When URI’s $54 million Center for Biotechnology and Life Sciences opened last year, it was hailed as a state-of-the-art facility that would advance scientific research and serve as a hub for education, research, and job creation in the life sciences.
This year, the U.S. Green Building Council, a non-profit trade organization, named the URI facility a Leadership in Energy and Environmental Design (LEED) Gold building.
The structure’s sustainable features include a ‘green’ roof that is partially covered in vegetation that filters pollutants and reduces heating and cooling needs; a rain garden and storm water treatment feature with a sophisticated drainage and detention system; daylight harvesting technologies that brighten rooms and warm the floors; and an energy efficient heating and cooling system. One hundred percent of the wood used in construction was certified by the Forest Stewardship Council to have come from forests managed in a sustainable way.

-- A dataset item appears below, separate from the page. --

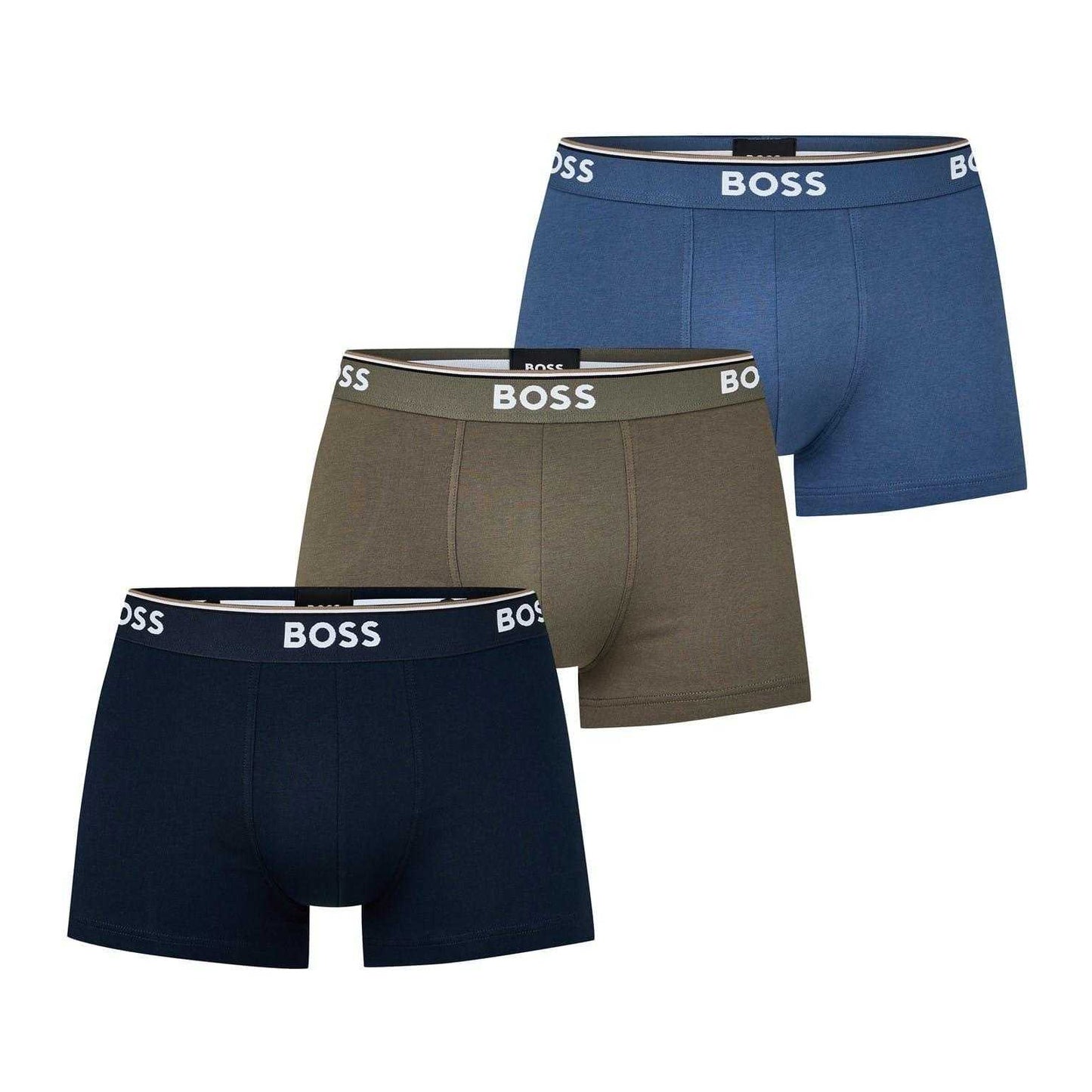 Blue-Black-Green - Front - Boss Mens Bodywear Logo Boxer Shorts (Pack of 3)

About a third of the materials used in the building had been previously recycled. Speaking of recycled, 79 percent of construction waste was recycled.
The energy efficiency measures installed in the building save about $135,000 per year in utility costs
“The award is the result of a determined team of design architects, building committee, capital planning and capital projects staff and many more that worked on the design and construction,” said Robert A. Weygand ’71, ’76, vice president for Administration and Finance. “It is very difficult for a research and teaching laboratory building to reach this status. Complicated ventilation systems can be very energy consuming. We were able to put in the most energy efficient system, and as a result we were able to construct a sustainable building.”